To identify the genetic basis of the behavioral differences between tame and aggressive fox strains we developed the fox meiotic linkage map, experimental cross-bred pedigrees, and mapped eight significant and suggestive quantitative trait loci (QTL) for behavioral traits (17-20). Although QTL mapping is a promising strategy for the identification of genomic regions implicated in complex traits, this approach alone usually does not allow identification of the causative genes and mutations. In the current study we analyzed fox brain transcriptomes of 12 aggressive and 12 tame individuals. We evaluated gene expression in two brain regions: prefrontal cortex and basal forebrain. Prefrontal cortex is the site of memory and learning. It coordinates a wide range of neural processes and plays a central role in the synthesis of diverse information needed for complex behavior (21). The tamable animals may have altered learning abilities due to gene expression changes in the prefrontal cortex. Basal forebrain modulates cortical activity and plays an important role in arousal, attention, decision-making (22). RNA-seq analysis of these two brain regions identified significant differences in gene expression between the two fox strains and pinpointed several gene networks that were modified in the course of artificial selection for tame/aggressive behaviors.
Results and Discussion
Gene expression profile in the brain altered after selection for tameness
The profound behavior differences happened rapidly after selection, and brain gene expression level changes might play an important role in the response. To investigate this, Illumina RNA-seq experiments were performed on brain tissue from 12 aggressive and 12 tame individuals (Figures S1-S3), including the right prefrontal cortex and right basal forebrain (Figure S4). These experiments yielded a total of 1.57 billion RNA-seq reads, with an average of 30 million reads per sample (Table S1 and S2).
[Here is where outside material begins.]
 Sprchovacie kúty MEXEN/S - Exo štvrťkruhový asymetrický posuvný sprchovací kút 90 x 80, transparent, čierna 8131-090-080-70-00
These reads were aligned to both the fox draft genome scaffolds and de novo brain transcriptome assembly (see Methods), producing high-quality read-count data on the 48 samples for 12,808 annotated genes in the transcriptome. Among these genes, 146 are differentially expressed in prefrontal cortex between tame and aggressive individuals at a 5% false discovery rate (q-value < 0.05; Figure 1B, Table S3 and Figure S5). In addition, there were 33 differentially expressed genes in basal forebrain (Table S4).
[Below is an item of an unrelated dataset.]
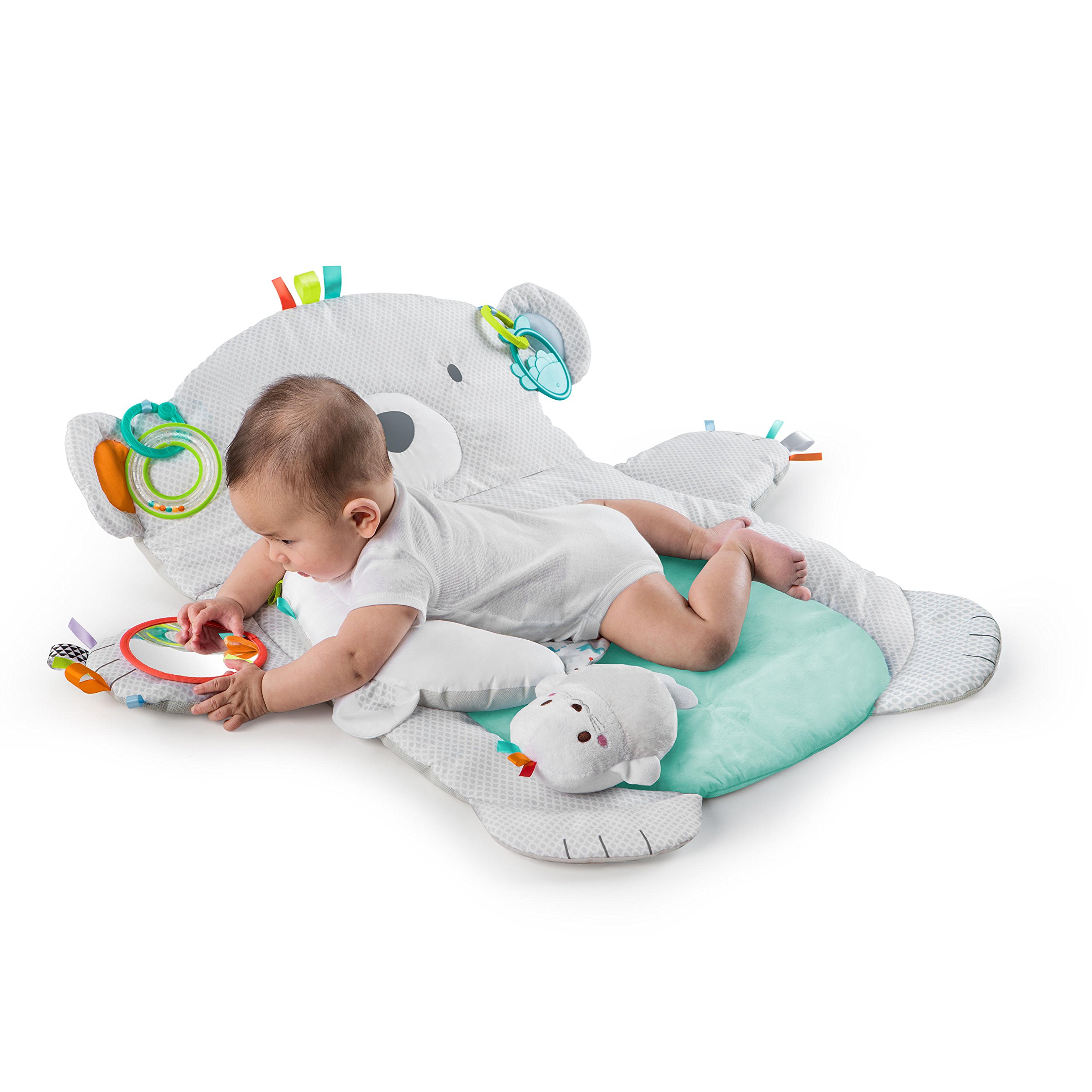 Bright Starts Tummy Time Prop & Play Activity Mat - Polar Bear, Ages Newborn +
Among these hits, the two most significant genes are DKKL1 and PCDHGA1 (P-value < 10-8 in prefrontal cortex and P-value < 10-11 in basal forebrain; Figure 1B), and their up-regulation in tame fox was confirmed using qRT-PCR in the same RNA-seq samples (Figure S6 and Table S5; see Methods). DKKL1 is Dickkopf-like protein 1, which has signal transducer activity and interacts with non-canonical Wnt pathway. In the mouse brain, DKKL1 displays region specific expression, with the highest expression level in the cortical neurons of the adult cortex (7). Little is known about the function of DKKL1 in the brain except that it bears sequence similarity to DKK1, an antagonist of canonical Wnt signaling implicated in a wide spectrum of physiological processes, including neurogenesis, neuronal connectivity and synapse formation. Overexpression of DKKL1 in ventral hippocampus but not in pre-frontal cortex was associated with increased susceptibility to social defeat stress in mice (23). PCDHGA1 is Protocadherin Gamma Subfamily A1 gene, which encodes a neural cadherin-like cell adhesion protein. Protocadherins are known to play critical roles in the establishment and function of specific cell-cell connections in the brain, such as synapse development (24) and dendrite arborization and self-avoidance in central nervous system (25, 26). Pcdhga1 expression was down-regulated in a learned helpless rat model, suggesting its expression might affect behavior phenotypes (27). The RNA-seq experiments identified a couple hundred differentially expressed genes and they might be responsible for the behavior phenotype changes after selection.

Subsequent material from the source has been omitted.